The small images worked for me too but the larger ones seem to cause gimp-1.2 to go into an endless loop. I'd say it's this particular piece of code in interface.c: /* Limit to the size of the screen... */ while (n_width > s_width || n_height > s_height) { if (scaledest > 1) scaledest--; else if (scalesrc < 0xff) scalesrc++; n_width = width * (scaledest * SCREEN_XRES (gdisp)) / (scalesrc * gdisp->gimage->xresolution); n_height = height * (scaledest * SCREEN_XRES (gdisp)) / (scalesrc * gdisp->gimage->xresolution); } This loop tries to calculate the initial display scale ratio. And indeed, if I enter a debugging printf() there, I can verify that gimp gets stuck in that while loop if I try to reproduce your second example (1000 x 225200).
Created attachment 13470 [details] [review] simple patch to break out of the loop
The different behaviour for the reporter in the 1 dpi images might be dependant on the screen resolution. I did my tests with 1024x768.
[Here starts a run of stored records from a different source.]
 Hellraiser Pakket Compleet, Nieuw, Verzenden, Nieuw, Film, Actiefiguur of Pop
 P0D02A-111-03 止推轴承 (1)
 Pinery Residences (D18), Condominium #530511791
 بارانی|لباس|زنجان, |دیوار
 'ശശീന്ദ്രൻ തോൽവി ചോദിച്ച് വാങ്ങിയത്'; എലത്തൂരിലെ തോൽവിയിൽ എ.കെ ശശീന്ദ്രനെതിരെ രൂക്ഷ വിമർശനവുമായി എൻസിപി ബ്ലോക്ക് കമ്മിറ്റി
The attached patch seems to fix the problem. I haven't yet tested all cases since I lack the physical RAM here but I will commit the change to CVS since it's definitely fixing a problem. After this change, I can create the image of 1000 x 225200 pixels at 100 dpi. It doesn't fit on screen (since that's what the loop tries to achieve) but at least it gets displayed at all.
We should test how this change affects bug #94979.
Applied the following changes to the stable branch. Needs to be fixed in 1.3 as well: 2003-01-10 Sven Neumann <sven@gimp.org> * app/interface.c (create_display_shell): break out of the loop that calculates the initial zoom ratio in case we hit our limits. Seems to fix bug #103030. * app/scale.c (change_scale): removed a check that dates back to the times when we used Motif for our user interface and scrollbars used short values. Fixes bug #94979.
I am running at 1600 x 1200 resolution, so that may explain the differences in behavior with the lowest resolution tests noted by others here who were running at lower resolutions.
Fixed in the HEAD branch as well: 2003-01-10 Sven Neumann <sven@gimp.org> * app/display/gimpdisplayshell.c (gimp_display_shell_new): merged fix for bug #103030 from stable branch.
The fix is part of the stable release 1.2.4. Closing this bug.